▶ [THE DATA]
--------------------------------------------------
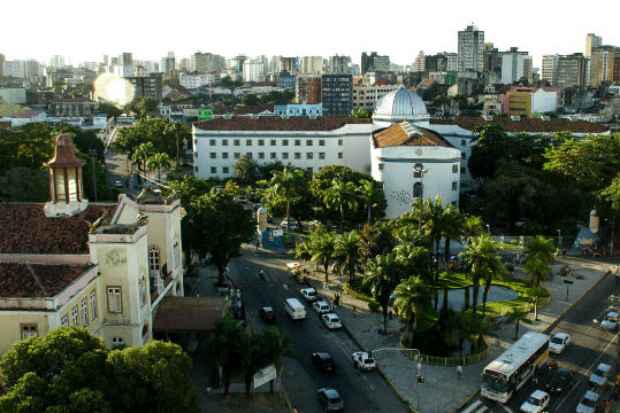 Passeios de ônibus e a pé desta semana serão dedicados ao segredos e influências maçônicas na arquitetura da cidade. Foto: Inaldo Lins/PCR/Divulgação/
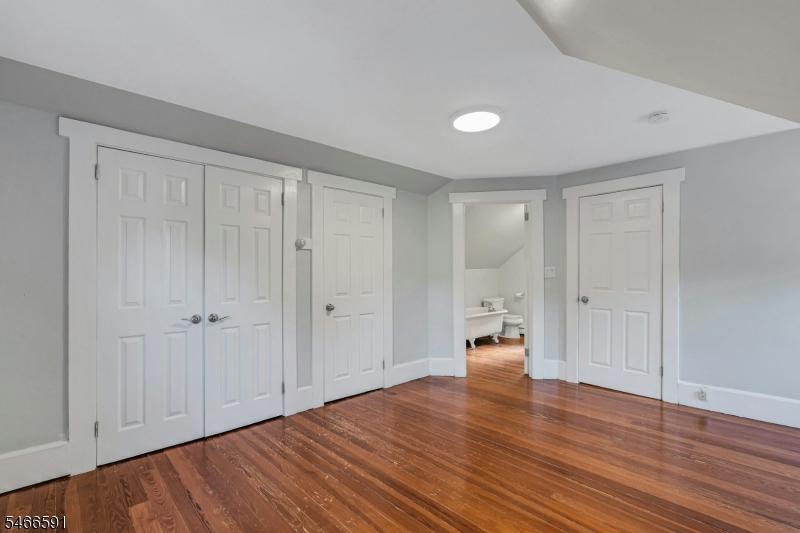 9 Laurel Place Montclair NJ 07043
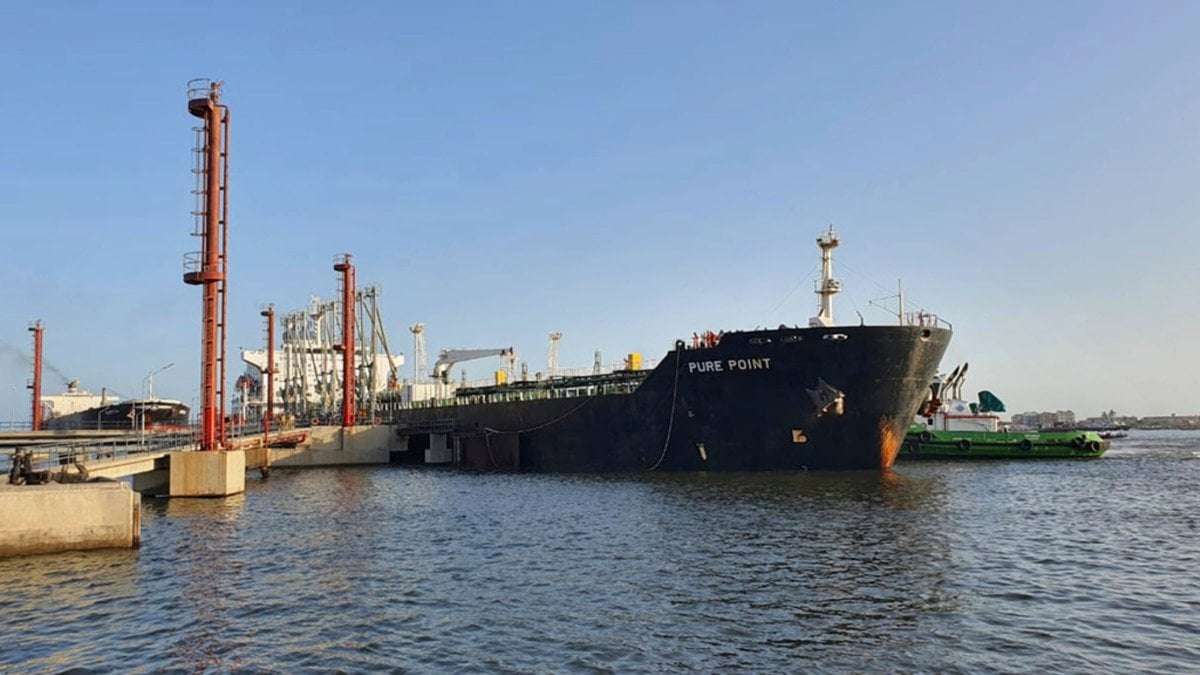 image for Russia Says It's Selling Oil to Pakistan Without 'Special Discount'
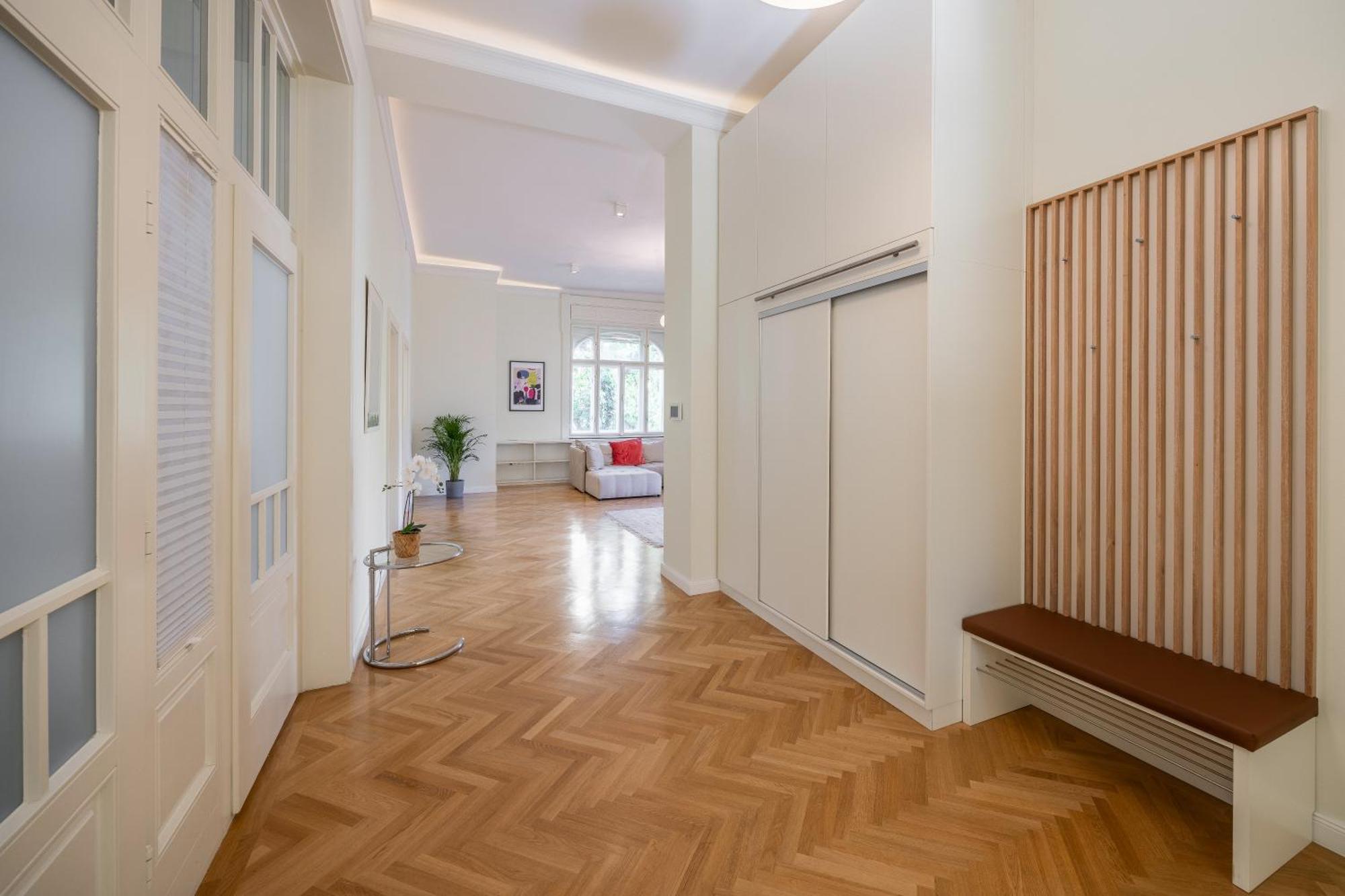 Stunning Rose Hill Premium * Budapest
--------------------------------------------------
▶ [TASK PROMPT] Please output all the data exactly as given, with the pictures omitted.

▶ [TASK RESULT]
 Passeios de ônibus e a pé desta semana serão dedicados ao segredos e influências maçônicas na arquitetura da cidade. Foto: Inaldo Lins/PCR/Divulgação/
 9 Laurel Place Montclair NJ 07043
 image for Russia Says It's Selling Oil to Pakistan Without 'Special Discount'
 Stunning Rose Hill Premium * Budapest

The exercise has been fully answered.